*** INFORMATION GIVEN Section Begins ***

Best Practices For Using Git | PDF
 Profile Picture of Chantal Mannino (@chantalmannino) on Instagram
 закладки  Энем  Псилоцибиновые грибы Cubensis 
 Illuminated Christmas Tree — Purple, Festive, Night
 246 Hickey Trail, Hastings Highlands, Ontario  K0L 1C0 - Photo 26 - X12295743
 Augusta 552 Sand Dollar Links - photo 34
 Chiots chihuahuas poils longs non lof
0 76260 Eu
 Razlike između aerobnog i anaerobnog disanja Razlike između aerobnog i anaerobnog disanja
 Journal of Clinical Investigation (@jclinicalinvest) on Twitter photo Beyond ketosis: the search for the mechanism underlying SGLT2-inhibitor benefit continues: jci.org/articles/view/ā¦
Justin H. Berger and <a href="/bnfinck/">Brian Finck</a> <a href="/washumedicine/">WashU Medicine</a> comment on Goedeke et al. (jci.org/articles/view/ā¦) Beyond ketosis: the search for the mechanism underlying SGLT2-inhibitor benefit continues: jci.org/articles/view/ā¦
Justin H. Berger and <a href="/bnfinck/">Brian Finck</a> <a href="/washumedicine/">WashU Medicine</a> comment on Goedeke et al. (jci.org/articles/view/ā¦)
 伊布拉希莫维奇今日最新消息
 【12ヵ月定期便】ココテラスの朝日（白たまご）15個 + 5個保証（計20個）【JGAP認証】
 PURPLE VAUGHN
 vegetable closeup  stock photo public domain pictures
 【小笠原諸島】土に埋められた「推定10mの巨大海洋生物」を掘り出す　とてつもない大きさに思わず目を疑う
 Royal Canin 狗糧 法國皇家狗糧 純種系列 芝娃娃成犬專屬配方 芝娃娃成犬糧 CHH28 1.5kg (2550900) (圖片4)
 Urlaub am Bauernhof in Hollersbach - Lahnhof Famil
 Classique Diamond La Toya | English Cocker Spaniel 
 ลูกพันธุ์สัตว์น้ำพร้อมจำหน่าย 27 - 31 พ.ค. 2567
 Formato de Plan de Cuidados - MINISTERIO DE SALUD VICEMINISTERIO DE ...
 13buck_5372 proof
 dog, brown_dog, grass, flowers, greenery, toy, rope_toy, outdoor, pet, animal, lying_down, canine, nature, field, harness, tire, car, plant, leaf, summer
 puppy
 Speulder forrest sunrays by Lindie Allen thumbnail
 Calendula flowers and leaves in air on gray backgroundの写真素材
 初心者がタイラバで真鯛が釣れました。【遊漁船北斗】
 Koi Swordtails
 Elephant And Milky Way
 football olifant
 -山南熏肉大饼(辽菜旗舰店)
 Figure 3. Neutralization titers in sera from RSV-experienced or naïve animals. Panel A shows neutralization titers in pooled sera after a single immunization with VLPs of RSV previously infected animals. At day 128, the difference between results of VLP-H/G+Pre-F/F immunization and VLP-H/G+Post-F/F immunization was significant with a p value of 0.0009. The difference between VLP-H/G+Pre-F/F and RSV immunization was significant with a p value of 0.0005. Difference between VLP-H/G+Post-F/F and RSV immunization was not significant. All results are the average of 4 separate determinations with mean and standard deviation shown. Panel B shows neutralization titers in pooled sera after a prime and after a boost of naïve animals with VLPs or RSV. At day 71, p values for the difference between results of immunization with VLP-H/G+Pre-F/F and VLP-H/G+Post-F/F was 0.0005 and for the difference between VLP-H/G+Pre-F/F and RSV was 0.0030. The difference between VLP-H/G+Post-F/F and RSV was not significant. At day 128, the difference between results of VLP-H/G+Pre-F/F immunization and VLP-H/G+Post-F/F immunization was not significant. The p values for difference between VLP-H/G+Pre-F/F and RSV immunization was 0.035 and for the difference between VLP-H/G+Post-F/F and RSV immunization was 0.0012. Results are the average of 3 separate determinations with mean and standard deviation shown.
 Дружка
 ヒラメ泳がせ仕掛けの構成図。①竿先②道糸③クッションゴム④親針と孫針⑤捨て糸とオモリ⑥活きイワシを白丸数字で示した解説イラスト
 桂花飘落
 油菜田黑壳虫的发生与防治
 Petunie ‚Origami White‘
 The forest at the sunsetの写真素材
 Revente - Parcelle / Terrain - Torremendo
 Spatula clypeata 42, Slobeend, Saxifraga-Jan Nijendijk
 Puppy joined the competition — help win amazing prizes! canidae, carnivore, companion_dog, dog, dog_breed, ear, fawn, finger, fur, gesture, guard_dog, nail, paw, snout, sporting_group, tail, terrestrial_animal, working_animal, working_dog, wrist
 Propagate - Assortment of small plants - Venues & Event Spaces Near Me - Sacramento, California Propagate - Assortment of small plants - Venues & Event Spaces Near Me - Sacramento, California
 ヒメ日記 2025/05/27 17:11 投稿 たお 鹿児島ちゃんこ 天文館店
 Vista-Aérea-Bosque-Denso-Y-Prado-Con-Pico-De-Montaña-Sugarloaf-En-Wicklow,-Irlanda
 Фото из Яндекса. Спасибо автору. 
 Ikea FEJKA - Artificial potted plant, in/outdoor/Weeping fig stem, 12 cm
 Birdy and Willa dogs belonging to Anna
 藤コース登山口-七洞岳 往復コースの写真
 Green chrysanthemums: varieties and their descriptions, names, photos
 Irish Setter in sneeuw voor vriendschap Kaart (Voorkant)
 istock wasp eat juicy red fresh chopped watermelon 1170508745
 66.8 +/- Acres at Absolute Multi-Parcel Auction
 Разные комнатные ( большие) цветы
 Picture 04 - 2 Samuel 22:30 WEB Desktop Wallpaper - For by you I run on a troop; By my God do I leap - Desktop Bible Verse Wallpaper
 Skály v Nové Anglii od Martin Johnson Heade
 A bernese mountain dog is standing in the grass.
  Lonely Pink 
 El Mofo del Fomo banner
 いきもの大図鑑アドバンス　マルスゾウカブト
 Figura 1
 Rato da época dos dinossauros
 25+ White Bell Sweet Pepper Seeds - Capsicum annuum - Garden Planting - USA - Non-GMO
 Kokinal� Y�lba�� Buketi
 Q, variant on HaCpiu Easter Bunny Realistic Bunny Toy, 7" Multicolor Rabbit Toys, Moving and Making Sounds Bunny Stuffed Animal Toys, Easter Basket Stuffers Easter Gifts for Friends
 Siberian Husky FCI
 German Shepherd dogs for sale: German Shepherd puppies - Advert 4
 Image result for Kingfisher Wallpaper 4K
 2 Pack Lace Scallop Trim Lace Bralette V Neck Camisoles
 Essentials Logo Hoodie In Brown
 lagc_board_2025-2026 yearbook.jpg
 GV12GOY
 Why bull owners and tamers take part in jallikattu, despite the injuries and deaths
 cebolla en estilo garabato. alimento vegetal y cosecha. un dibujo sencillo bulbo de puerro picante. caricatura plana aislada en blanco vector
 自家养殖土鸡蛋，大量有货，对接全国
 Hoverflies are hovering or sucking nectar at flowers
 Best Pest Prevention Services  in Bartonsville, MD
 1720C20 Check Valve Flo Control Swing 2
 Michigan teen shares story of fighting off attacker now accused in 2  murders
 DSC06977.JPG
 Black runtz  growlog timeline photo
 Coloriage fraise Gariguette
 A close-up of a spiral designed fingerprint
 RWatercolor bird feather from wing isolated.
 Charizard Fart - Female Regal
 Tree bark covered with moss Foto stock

*** INFORMATION GIVEN Section Ends ***

### HOW TO COMPLETE THIS TASK
Only the lines from the start of the material through the line containing "Illuminated Christmas Tree" should be repeated, and they should be repeated exactly.

### REPLY
Best Practices For Using Git | PDF
 Profile Picture of Chantal Mannino (@chantalmannino) on Instagram
 закладки  Энем  Псилоцибиновые грибы Cubensis 
 Illuminated Christmas Tree — Purple, Festive, Night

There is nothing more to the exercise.